Date: Tue Mar 31 2026 - 23:51:13 EST

Sungwoo Kim wrote:
> On Tue, Mar 10, 2026 at 6:54 PM Dan Williams <dan.j.williams@xxxxxxxxx> wrote:
> >
> > Sungwoo Kim wrote:
> > > Fix this by replacing devm_release_action() with devm_remove_action_nowarn()
> > > followed by a manual call to unregister_region(). devm_remove_action_nowarn()
> > > removes the devres tracking entry and returns an error code.
> >
> > No, that is not an acceptable or comprehensive fix. A subsystem should
> > never try to double unregister a device. Keep in mind the decoder sysfs
> > stays alive while the devres_release_all() actions are running for
> > port->uport_dev. As a result, yes, Davidlohr is right. You can
> > theoretically observe the unregister_region() release action firing
> > while delete_region_store() is running.
>
> I appreciate your review and suggestion of a new patch. It seems more
> complicated than I expected!

Yes, the CXL subsystem is unfortunately... complicated.
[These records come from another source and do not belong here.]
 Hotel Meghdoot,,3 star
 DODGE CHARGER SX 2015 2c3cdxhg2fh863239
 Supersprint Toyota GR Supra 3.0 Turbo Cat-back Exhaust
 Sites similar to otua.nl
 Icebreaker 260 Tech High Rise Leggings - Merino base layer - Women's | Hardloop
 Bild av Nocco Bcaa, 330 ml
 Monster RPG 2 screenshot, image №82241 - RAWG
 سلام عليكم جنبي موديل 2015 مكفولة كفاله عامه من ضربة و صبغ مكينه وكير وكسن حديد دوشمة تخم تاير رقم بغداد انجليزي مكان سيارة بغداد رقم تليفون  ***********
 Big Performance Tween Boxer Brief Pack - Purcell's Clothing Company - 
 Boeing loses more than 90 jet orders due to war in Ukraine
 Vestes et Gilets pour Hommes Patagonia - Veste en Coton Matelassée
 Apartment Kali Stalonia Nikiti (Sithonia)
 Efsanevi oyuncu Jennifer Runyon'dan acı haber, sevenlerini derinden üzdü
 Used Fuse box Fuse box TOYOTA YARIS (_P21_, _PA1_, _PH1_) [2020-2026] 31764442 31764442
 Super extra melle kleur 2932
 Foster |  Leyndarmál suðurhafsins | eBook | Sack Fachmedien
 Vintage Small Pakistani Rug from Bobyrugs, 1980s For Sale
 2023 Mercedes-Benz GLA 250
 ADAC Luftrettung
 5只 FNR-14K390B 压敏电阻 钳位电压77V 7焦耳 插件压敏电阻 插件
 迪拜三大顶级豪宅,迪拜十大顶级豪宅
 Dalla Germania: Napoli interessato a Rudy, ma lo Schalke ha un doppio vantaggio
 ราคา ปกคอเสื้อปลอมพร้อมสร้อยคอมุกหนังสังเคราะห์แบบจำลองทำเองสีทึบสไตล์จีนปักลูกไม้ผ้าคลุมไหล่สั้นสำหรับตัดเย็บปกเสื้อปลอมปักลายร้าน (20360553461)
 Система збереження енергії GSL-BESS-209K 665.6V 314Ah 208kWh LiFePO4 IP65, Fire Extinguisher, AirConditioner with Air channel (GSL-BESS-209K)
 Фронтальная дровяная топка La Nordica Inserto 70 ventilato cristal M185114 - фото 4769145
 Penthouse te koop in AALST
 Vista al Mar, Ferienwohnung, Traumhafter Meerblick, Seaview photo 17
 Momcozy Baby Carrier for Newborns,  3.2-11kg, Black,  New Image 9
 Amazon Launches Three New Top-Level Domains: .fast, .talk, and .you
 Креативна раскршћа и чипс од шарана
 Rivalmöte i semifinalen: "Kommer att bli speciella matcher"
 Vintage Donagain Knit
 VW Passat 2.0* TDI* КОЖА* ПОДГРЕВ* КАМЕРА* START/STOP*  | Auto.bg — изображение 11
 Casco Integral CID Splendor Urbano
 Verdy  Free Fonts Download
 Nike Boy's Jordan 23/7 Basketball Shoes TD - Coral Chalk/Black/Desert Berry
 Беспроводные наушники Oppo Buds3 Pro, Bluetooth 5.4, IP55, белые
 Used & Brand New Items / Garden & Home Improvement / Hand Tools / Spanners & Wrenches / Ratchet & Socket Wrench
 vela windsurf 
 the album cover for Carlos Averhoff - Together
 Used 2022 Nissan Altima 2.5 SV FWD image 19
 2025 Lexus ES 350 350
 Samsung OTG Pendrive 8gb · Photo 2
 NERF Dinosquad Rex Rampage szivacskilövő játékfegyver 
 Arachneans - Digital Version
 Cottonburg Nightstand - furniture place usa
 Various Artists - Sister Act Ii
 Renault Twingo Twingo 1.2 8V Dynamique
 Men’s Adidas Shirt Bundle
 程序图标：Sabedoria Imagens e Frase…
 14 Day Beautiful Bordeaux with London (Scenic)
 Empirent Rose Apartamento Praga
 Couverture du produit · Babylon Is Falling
> I'm new to CXL and device drivers, so I would like to confirm that my
> understanding is correct.
> - CXL tolpology could be: [upstream] host -> switch(s) -> endpoints(s)
> [downstream].
> - The host can configure a unique address range (= region) to access
> each device.
> - The bug happened because releasing the same regions can race.
> - Although the prior patch handled this, it's insufficient because it
> can also race with releasing the device (what Davidlohr had reported).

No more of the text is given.